■ Exercise: Starting at the line that has "Miniatyrbild 6 av" and stopping after the line that has "Anggota Fraksi PPP", reproduce the listing below exactly; omit everything else.

■ Task inputs:
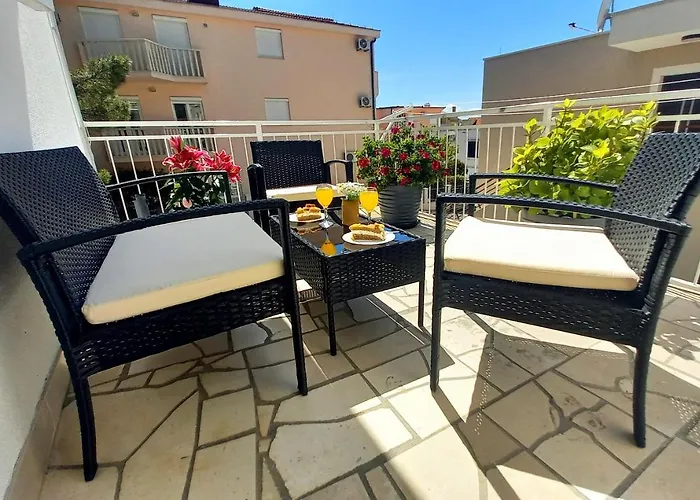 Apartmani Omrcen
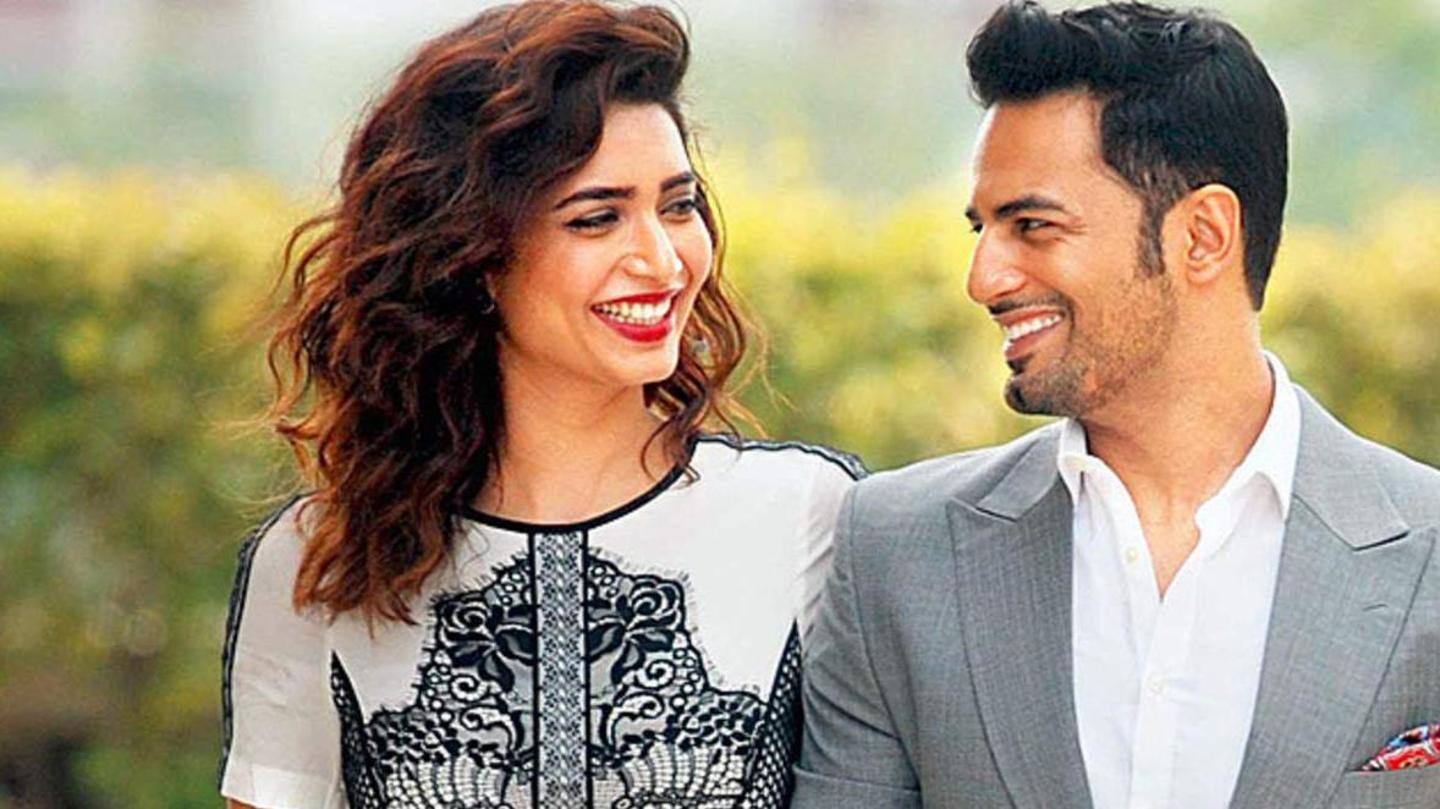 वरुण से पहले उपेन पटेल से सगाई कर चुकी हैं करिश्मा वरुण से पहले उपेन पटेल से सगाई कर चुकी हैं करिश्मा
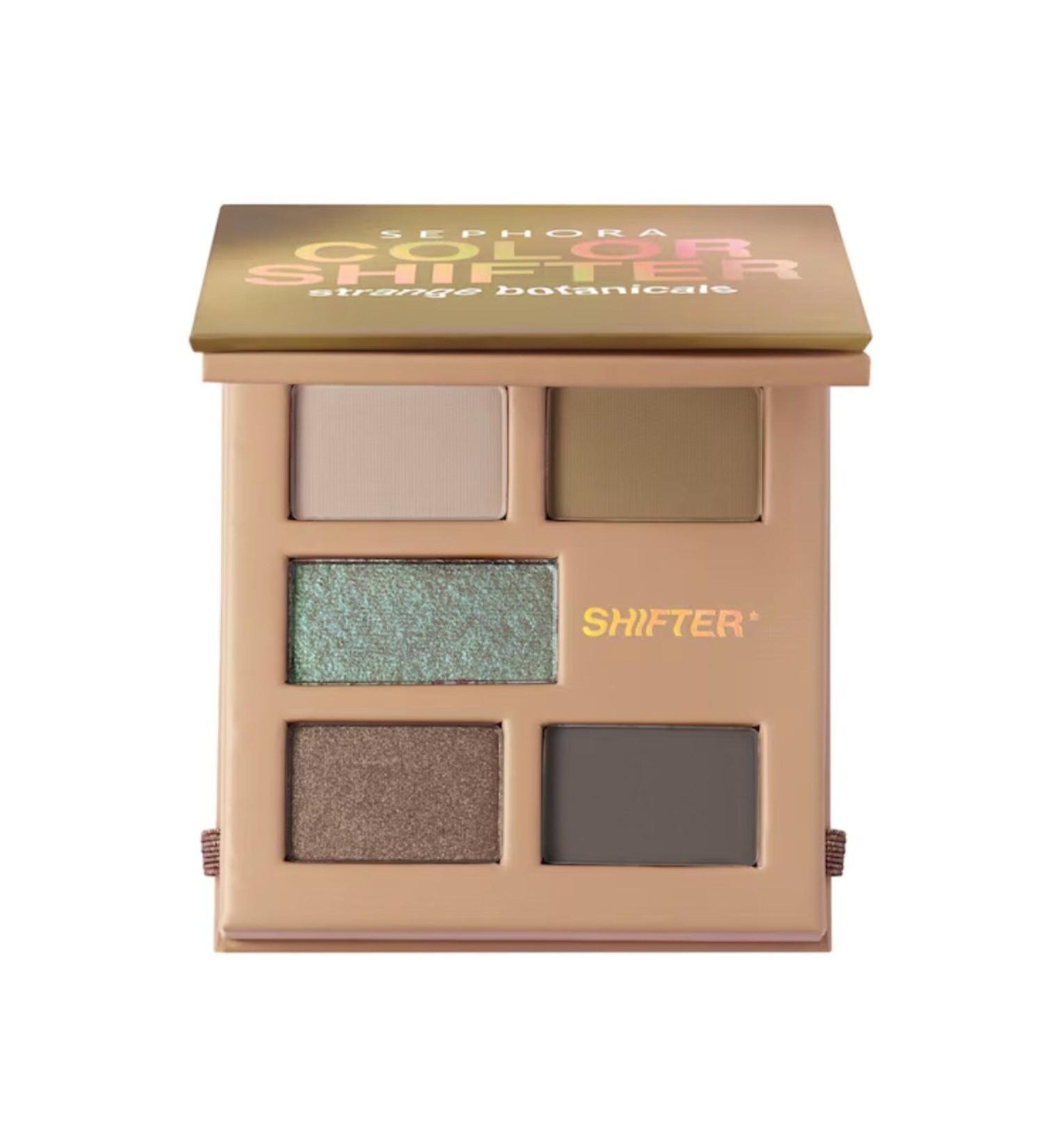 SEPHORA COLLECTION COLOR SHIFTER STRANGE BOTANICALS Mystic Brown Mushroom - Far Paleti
--
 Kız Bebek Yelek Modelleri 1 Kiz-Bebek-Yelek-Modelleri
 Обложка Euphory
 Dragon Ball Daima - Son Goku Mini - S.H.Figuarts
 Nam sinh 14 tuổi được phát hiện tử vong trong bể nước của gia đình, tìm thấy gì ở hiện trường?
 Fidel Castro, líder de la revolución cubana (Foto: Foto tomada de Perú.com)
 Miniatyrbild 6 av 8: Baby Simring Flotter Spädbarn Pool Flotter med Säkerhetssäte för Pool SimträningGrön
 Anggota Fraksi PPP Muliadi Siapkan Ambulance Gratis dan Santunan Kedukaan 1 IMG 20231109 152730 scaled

■ Written response:
 Miniatyrbild 6 av 8: Baby Simring Flotter Spädbarn Pool Flotter med Säkerhetssäte för Pool SimträningGrön
 Anggota Fraksi PPP Muliadi Siapkan Ambulance Gratis dan Santunan Kedukaan 1 IMG 20231109 152730 scaled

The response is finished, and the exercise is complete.